OpenSpending is a database, analysis, and visualization tool for budget- and expenditure-related data. It acts as a data warehouse, giving you access to budgetary data from around the world.

One of OpenSpending’s most commonly used features is its ability to easily visualize budgets in two different formats. In this tutorial, we will use data from the World Bank’s BOOST portal and visualize it using OpenSpending.

What you’ll need

We’ll use these tools:

  • Open Refine – for converting the data
  • Mozilla Firefox or Google Chrome (Refine requires a browser, and it doesn’t work well with Internet Explorer)

The World Bank’s BOOST portal aims to provide insight into the way countries spend their money. They have done this for World Bank grants in Kenya with the portal kenya.wb-boost.org. In this tutorial, we’ll use this data and visualize it using OpenSpending.

The first step in the process is downloading the data from the World Bank’s BOOST platform.

Walkthrough: downloading data from the BOOST platform

1. Open kenya.wb-boost.org in your browser.

2. It defaults to a map view, which is not optimal for our purposes. Switch to the pivot table view of the tool by clicking on the “pivot table” tab.
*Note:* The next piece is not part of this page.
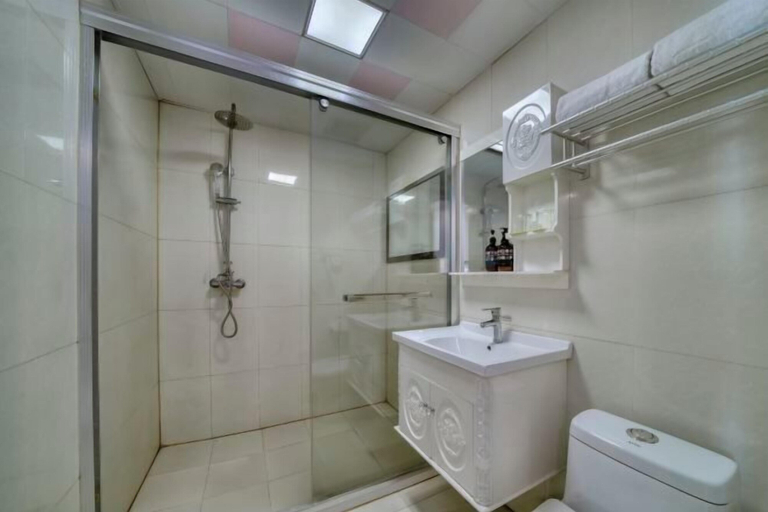 Bathroom 4, Heng 8 Chain Hotel (Tonglu Xuesheng Road), Hangzhou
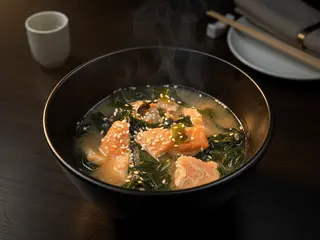 Zupa miso z łososiem (300g)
BENYBVRThe table view is initially empty because the system does not know how to aggregate information.

3. On the left, there are the options for the data we want to have shown. Add more groups to the selection to allow for a finer picture. Do so by dragging them from the “Group Rows” box into the “Selected Groups” box.

We want to have:

  • Top-level spending Unit
  • Expenditure type
  • Sector
  • Economic Category
  • Sub-Economic Category

When you have these, click on the “Build Table” button in the middle of the gray area. This will take awhile.

4. Now download the data with the “Export to CSV” button on the center top. This will ask you to pick a folder in which to store the file.

Preparing the data for OpenSpending

Great — now we have the data, so let’s prepare it for OpenSpending!

OpenSpending needs the data to be in a specific format to be able to use it. Specifically, OpenSpending needs one column for the amount spent, one column for the date of the transaction (in our case the year), and then more columns for other properties (such as the spending unit, the sector, the economic category, and so on).

To be able to use the data we just downloaded in OpenSpending, we have to bring it into the necessary form. We will do this with a tool called Open Refine. Refine is made for cleaning data and converting data from one format to another.

Walkthrough: converting data with Refine

1. Start Refine by double-clicking on the Refine icon. Once it’s ready, a browser window will open and point to 127.0.0.1:3333.

2. First we need to create a project with our new data. Do so by clicking on the “Create Project” tab.

3. Now choose the file we just downloaded and click “next.” This will open the Preview tab. You’ll notice how the first row is empty and contains the years for the executed budget.

4. We want to have the years in the column headings. Let’s tell this to Refine. Enter “2″ next to the box saying “Parse the next ____ lines as column headers.”

parse

5. Now that this is fixed, let’s create the project. Click on the “Create Project” button on the top right.

6. OpenSpending wants a single column for all the amounts and a single column for all the years. Right now, we have a column for each year. No problem, let’s transpose it.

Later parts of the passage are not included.